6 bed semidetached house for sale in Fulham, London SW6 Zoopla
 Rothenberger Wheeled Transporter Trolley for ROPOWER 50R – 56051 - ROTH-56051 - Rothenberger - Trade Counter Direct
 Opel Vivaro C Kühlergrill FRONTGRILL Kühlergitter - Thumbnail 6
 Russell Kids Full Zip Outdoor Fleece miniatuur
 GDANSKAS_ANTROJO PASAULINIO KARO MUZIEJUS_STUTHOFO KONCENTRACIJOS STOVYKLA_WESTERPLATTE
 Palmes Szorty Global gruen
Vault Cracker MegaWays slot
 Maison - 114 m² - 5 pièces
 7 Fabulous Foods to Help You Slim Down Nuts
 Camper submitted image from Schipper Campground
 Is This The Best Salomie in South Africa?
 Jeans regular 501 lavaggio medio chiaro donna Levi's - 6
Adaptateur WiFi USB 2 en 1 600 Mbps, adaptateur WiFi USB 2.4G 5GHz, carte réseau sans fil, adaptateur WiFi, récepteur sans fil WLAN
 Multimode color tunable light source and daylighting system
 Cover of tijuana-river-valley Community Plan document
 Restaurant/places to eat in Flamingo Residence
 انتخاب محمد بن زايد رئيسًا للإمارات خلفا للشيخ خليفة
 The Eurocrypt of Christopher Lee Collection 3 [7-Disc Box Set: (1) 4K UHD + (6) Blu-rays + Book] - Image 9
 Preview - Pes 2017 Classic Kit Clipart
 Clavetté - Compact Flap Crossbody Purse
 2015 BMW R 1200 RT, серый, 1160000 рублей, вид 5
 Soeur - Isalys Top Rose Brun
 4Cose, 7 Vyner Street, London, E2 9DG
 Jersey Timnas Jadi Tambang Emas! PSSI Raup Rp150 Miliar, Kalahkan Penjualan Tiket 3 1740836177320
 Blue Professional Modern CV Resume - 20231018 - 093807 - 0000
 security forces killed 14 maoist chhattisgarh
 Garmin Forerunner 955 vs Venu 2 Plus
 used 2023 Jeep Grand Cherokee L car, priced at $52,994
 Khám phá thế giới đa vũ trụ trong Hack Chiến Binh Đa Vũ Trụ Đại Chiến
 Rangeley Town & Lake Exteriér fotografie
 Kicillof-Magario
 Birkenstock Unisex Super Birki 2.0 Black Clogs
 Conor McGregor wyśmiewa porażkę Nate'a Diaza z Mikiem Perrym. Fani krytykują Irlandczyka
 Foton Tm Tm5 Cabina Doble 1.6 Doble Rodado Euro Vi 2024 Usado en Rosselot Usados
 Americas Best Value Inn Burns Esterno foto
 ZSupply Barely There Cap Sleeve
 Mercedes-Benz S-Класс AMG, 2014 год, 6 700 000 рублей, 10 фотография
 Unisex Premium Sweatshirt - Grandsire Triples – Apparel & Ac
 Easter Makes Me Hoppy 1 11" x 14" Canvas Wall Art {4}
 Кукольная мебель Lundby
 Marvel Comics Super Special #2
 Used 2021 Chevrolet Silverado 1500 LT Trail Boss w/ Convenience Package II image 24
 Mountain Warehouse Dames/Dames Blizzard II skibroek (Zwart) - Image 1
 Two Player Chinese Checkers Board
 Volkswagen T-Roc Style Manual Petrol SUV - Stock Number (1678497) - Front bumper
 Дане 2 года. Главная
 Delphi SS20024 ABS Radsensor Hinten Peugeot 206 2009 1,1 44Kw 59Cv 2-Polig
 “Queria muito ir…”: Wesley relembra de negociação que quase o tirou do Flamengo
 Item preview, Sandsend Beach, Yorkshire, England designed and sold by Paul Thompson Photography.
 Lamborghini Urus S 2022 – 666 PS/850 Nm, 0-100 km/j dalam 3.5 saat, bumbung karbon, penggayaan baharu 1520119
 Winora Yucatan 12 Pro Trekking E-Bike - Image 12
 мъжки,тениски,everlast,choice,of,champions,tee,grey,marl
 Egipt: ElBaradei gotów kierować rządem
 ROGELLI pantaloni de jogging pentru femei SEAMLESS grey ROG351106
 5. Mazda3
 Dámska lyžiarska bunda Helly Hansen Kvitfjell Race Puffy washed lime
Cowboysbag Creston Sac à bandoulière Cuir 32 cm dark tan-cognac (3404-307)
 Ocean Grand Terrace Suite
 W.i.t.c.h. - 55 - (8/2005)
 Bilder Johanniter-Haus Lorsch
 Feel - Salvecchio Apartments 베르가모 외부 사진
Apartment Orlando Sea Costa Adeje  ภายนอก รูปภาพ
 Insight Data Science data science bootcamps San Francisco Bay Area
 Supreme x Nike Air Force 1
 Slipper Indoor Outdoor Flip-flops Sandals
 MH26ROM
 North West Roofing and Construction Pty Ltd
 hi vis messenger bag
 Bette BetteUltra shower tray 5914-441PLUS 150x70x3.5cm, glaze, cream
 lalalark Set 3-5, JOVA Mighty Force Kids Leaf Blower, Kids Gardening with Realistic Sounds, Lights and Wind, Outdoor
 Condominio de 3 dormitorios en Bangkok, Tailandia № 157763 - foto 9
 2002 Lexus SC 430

______

▶ What to do
An exact, complete copy of the lines above from the one with "Maison - 114 m² - 5 pièces" through the one with "Cover of tijuana-river-valley" is the whole answer.

▶ Answer
 Maison - 114 m² - 5 pièces
 7 Fabulous Foods to Help You Slim Down Nuts
 Camper submitted image from Schipper Campground
 Is This The Best Salomie in South Africa?
 Jeans regular 501 lavaggio medio chiaro donna Levi's - 6
Adaptateur WiFi USB 2 en 1 600 Mbps, adaptateur WiFi USB 2.4G 5GHz, carte réseau sans fil, adaptateur WiFi, récepteur sans fil WLAN
 Multimode color tunable light source and daylighting system
 Cover of tijuana-river-valley Community Plan document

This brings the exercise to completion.